La réforme portée par la loi n°2009-258 du 5 mars 2009 n’a pas atteint ses objectifs. De fait, dès
2013, le rapport du député Marcel Rogemont relatif à l’indépendance de l’audiovisuel public du 17
juillet 2013 révèle que la suppression de la publicité après 20 heures sur France Télévisions a coûté
près de 746 M€ entre 2009 et 2013 au budget de l'État. Depuis, la situation ne s’est pas améliorée,
au contraire. En 2012, les recettes publicitaires générées par le rétablissement de la publicité après
20 heures sur France TV étaient estimées à 200 M€.
Force est de reconnaître que la suppression de la publicité après 20 heures sur France Télévisions
n’a pas permis de « faire démarrer les soirées plus tôt », bien au contraire. Sur le plan financier, les
outils de compensation basés sur des taxes spécifiques ont vite montré leurs limites, rendant
nécessaire une refonte totale du modèle économique de l’audiovisuel public. A cela, on peut ajouter
à l’approche de la Coupe du Monde de Rugby 2023 et des Jeux olympiques de Paris en 2024,
l’intérêt de valoriser la diffusion de ces événements sportifs d’envergure mondiale.
Il s'agit aussi de réorienter la publicité vers des canaux audiovisuels officiels. En effet, face à la
diminution des espaces publicitaires à la télévision, les annonceurs ont accru leur présence en ligne
et à côté de la publicité classique se développe la publicité programmatique. Les annonceurs
peuvent ainsi acheter de l’espace publicitaire de façon automatisée en ciblant les utilisateurs grâce à
des algorithmes. Comme le souligne dans son chapitre 3 le rapport "Les Lumières à l’ère
numérique" remis en janvier 2022 au Président de la République, il est apparu que ces annonces
programmatiques se retrouvent fréquemment sur des sites propageant des contenus haineux,
conspirationnistes, attentatoires à la dignité humaine et à l’égalité femmes-hommes, ou
encourageant des dérives sectaires, relevant de la désinformation caractérisée ou susceptibles de
troubler la tranquillité publique. Pour reprendre les termes du rapport : "les revenus publicitaires
que ces sites en tirent constituent une manne financière considérable qui entretient la pollution
informationnelle". On peut espérer que le rétablissement de la publicité le soir sur France TV
permettra de réduire, même de manière modérée, le recours à ces supports nocifs.
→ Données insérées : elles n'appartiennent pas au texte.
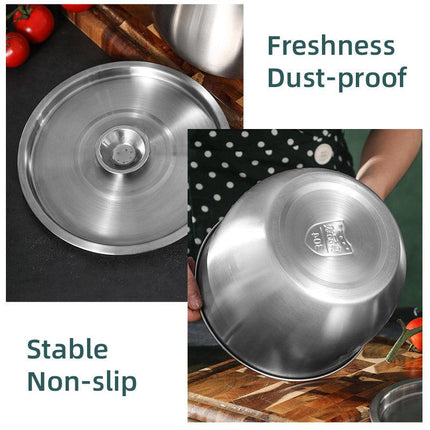 Stainless Steel Basin Kitchen Soup Pot with Lid Cooking Household Use Durable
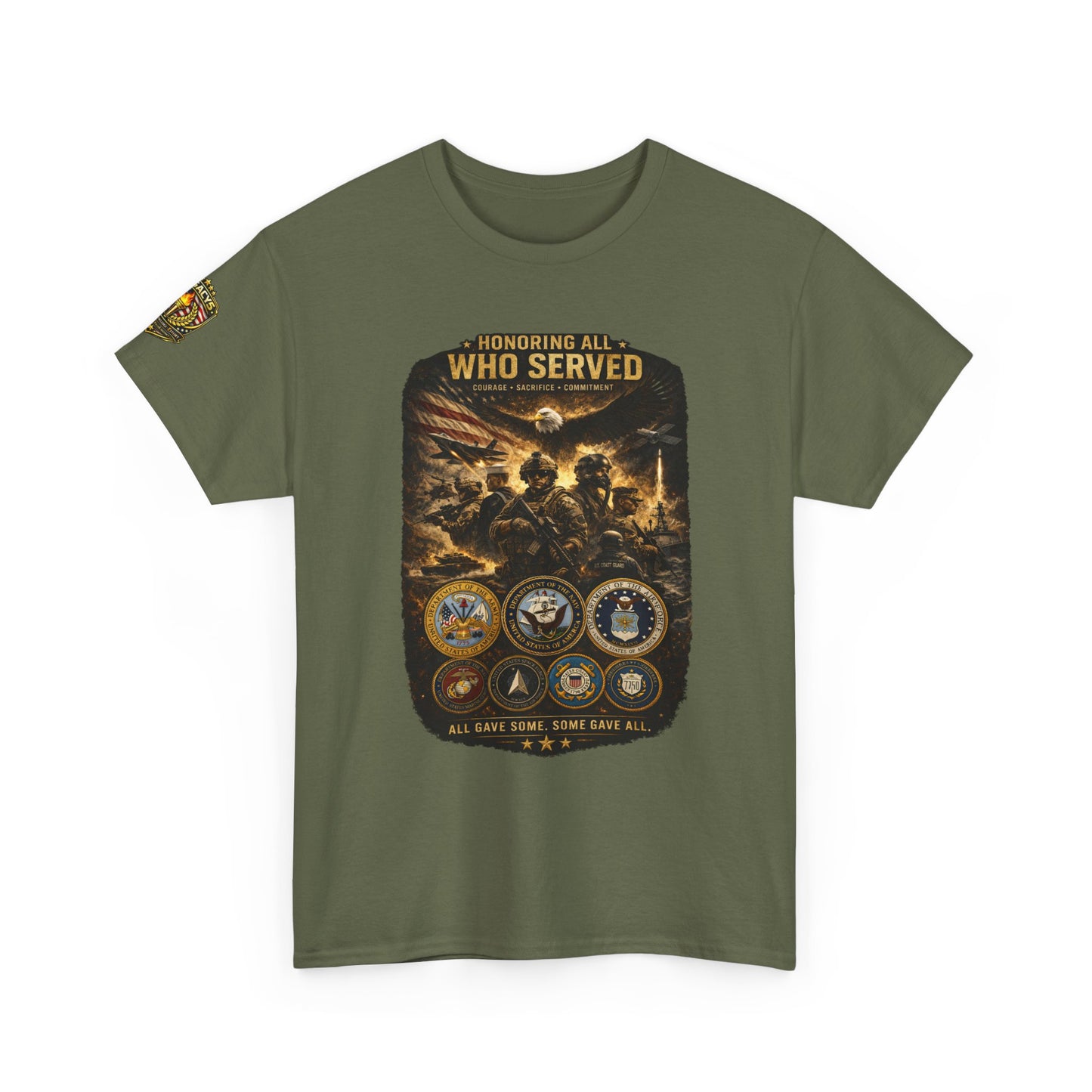 Veterans Tribute -w/o Shield in Front Designâ€” "Honoring All Who Served" Military Branch Emblems- w/ Legacy 5 Brand Crest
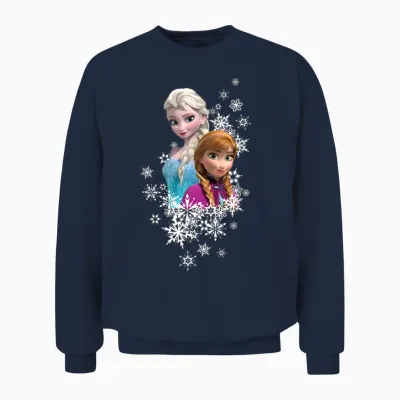 Disney Frozen Anna and Elsa Snowflakes Unisex Sweatshirt - Navy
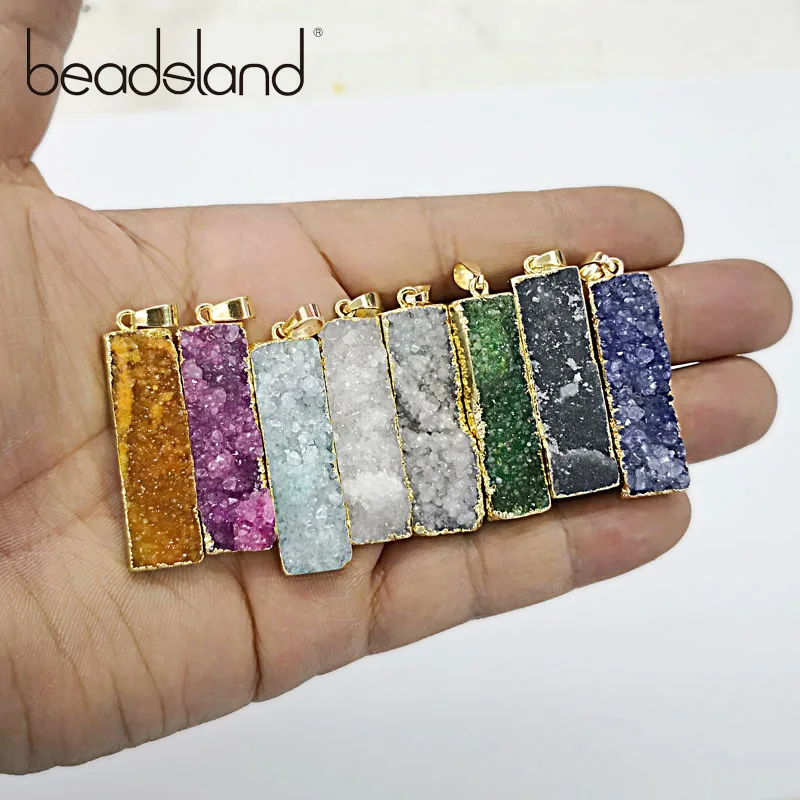 Beadsland натуральный камень полудрагоценный прямоугольная подвеска в виде слепка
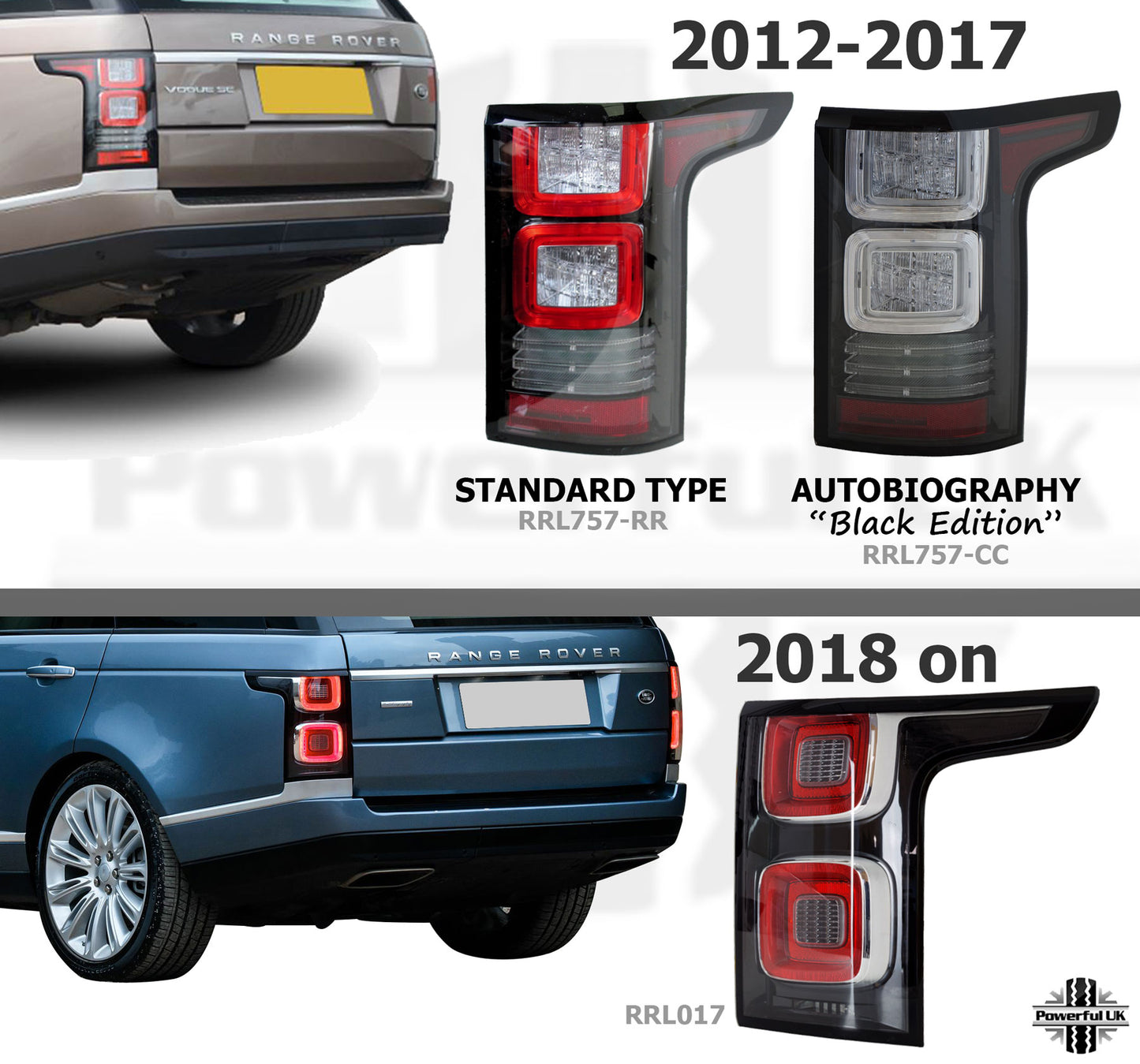 2018 Facelift Rear Light Conversion (re-wired for early cars) for Range Rover L405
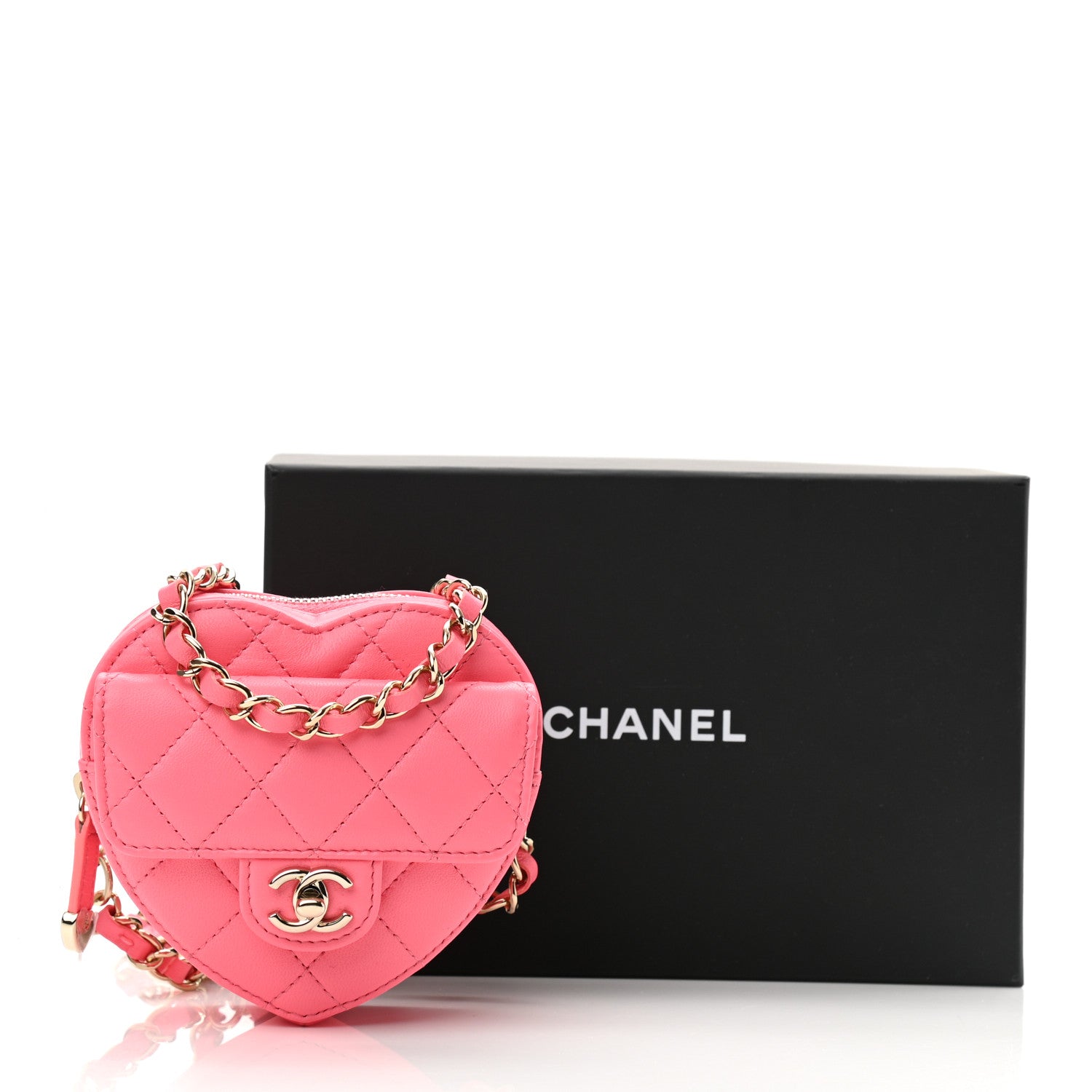 Chanel Lambskin Quilted CC In Love Heart Waist Belt Bag With Chain Pink 11 of 11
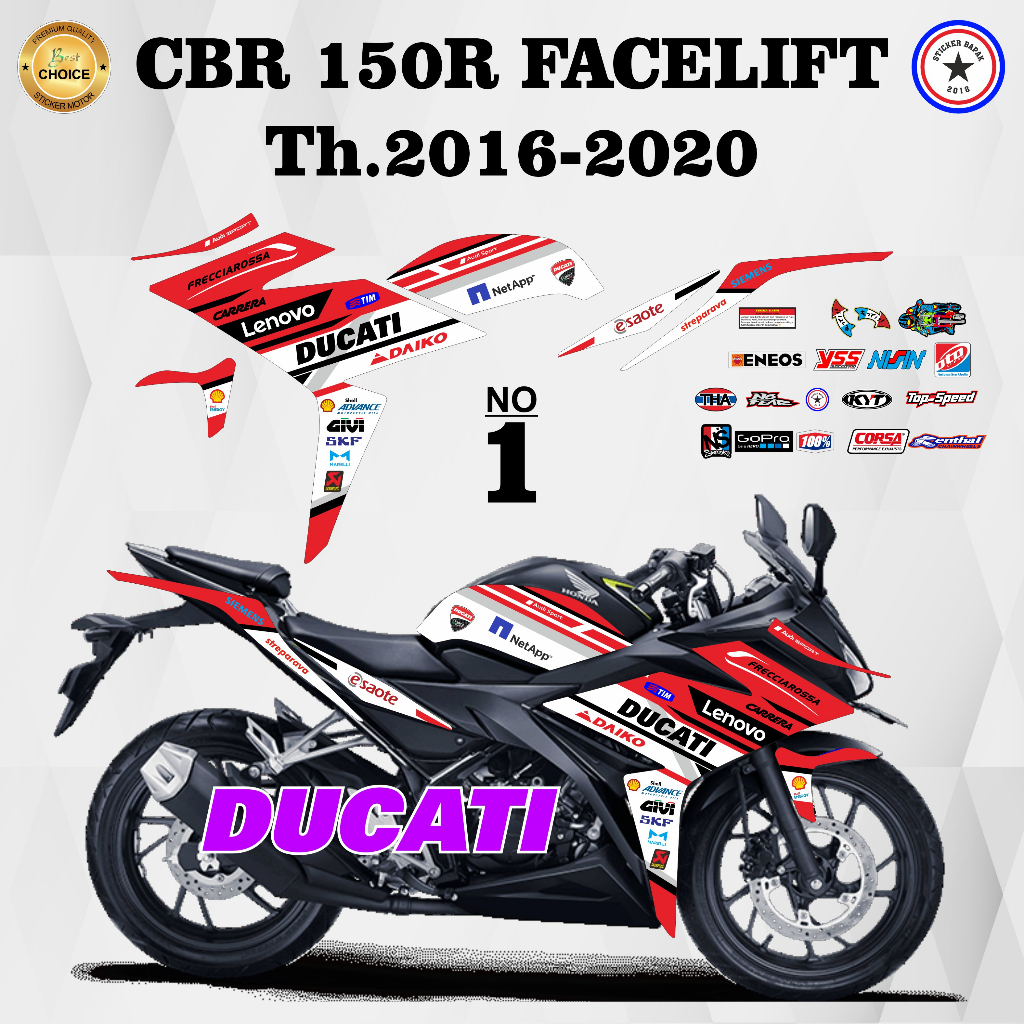 Striping decal sticker CBR 150 R FACELIFT Th 2016-2020 variasi motif Ducati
Enfin, la multiplication des supports de diffusion liée notamment au développement des services de
vidéo à la demande a bouleversé le modèle économique des opérateurs de télévision classiques.
Aussi, afin d'ajuster la compensation financière de l'Etat, il conviendra d’évaluer de manière précise
l’impact de ce rétablissement encadré de la publicité sur les chaînes de France TV tant sur les
finances du groupe audiovisuel public que sur les opérateurs privés de télévision et de services de
médias audiovisuels tels que les plateformes de vidéo à la demande. C’est pourquoi le présent
amendement prévoit un premier rapport d’évaluation dès mai 2024.